# [ACTIVITY]
Word for word, retype the lines from the one containing "Kesi Green Spiral" to the one containing "Dolce & Gabbana" below, keeping both end lines and dropping the pictures.

# [RECORD EXCERPTS]

--- START ---

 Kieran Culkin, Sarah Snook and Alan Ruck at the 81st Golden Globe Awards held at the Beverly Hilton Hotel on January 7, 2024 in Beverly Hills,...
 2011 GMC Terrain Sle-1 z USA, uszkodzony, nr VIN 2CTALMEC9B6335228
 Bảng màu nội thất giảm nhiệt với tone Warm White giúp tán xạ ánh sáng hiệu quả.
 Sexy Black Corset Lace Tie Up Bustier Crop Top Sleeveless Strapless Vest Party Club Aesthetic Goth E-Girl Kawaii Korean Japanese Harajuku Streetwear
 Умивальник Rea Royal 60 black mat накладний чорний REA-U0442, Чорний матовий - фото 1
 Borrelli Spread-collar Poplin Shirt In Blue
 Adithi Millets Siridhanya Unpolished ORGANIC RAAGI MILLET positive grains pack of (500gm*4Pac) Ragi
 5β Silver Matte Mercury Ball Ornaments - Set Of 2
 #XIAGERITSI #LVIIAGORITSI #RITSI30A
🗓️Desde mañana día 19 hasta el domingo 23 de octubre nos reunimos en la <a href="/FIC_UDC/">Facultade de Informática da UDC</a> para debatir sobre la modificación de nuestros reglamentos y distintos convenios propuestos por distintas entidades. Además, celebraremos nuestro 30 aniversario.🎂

--- END ---
--- START ---

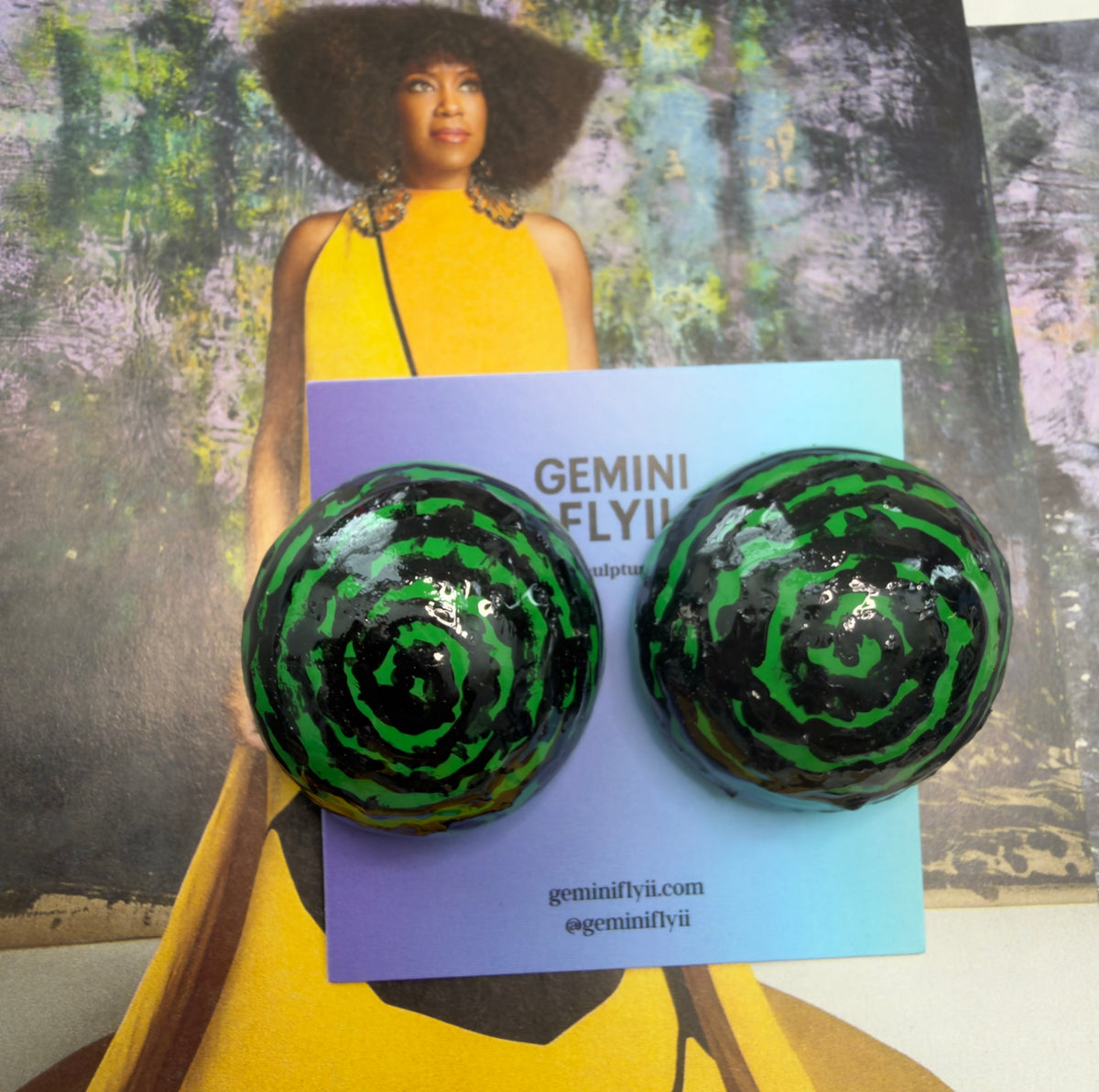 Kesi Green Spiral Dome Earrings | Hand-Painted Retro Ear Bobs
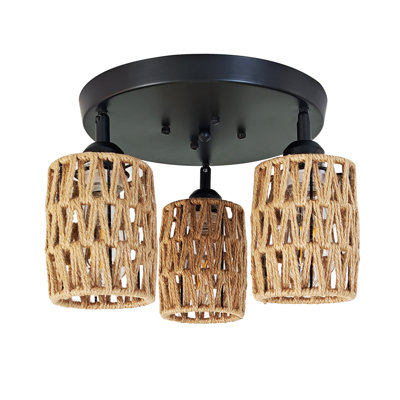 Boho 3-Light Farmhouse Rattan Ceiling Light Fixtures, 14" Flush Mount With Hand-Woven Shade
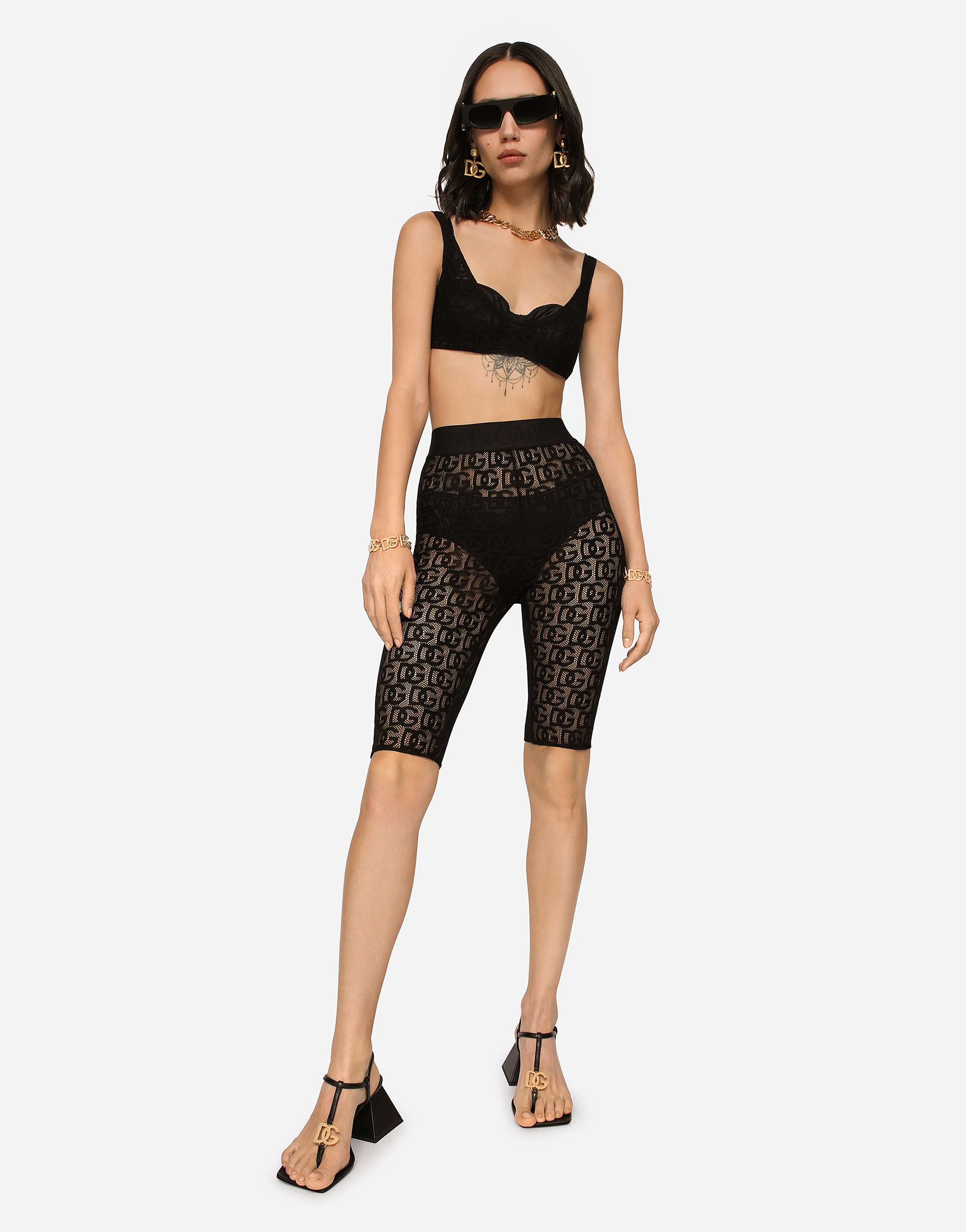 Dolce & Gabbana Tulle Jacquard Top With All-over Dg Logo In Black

--- END ---

# [ANSWER SPACE]
 Kesi Green Spiral Dome Earrings | Hand-Painted Retro Ear Bobs
 Boho 3-Light Farmhouse Rattan Ceiling Light Fixtures, 14" Flush Mount With Hand-Woven Shade
 Dolce & Gabbana Tulle Jacquard Top With All-over Dg Logo In Black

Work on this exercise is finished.